→ Records provided:
□ □ □ □

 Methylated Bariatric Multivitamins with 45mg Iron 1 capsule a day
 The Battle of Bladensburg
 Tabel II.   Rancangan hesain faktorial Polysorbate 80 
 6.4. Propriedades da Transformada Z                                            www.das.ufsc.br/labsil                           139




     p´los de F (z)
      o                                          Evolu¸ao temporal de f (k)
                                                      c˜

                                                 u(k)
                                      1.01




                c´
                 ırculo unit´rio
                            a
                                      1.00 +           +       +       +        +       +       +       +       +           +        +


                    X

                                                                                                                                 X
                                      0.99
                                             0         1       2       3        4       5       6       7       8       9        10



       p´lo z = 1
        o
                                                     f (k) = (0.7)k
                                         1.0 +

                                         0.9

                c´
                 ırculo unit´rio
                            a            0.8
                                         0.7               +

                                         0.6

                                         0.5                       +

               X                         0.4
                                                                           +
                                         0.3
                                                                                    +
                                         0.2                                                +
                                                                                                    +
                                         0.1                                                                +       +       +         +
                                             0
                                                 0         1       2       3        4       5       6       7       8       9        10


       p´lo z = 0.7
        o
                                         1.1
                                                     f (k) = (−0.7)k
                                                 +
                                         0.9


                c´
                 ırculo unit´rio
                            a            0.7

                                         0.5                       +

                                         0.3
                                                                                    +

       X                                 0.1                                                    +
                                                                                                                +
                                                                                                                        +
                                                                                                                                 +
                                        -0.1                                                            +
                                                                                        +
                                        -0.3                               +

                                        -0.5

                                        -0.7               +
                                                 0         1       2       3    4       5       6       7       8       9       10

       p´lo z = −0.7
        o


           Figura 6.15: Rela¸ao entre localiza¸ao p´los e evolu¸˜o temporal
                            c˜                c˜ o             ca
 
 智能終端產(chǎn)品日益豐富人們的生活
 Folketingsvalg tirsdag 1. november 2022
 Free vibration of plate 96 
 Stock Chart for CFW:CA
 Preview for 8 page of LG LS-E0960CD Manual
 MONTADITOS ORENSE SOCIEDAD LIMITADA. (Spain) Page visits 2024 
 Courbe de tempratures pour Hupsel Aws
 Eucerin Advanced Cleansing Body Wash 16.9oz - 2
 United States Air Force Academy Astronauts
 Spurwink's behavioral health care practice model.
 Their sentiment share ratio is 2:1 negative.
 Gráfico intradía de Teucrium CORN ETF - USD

□ □ □ □

→ What is required: From the records above, pull out each line that has "temporal".

→ Finished exercise:
      o                                          Evolu¸ao temporal de f (k)
           Figura 6.15: Rela¸ao entre localiza¸ao p´los e evolu¸˜o temporal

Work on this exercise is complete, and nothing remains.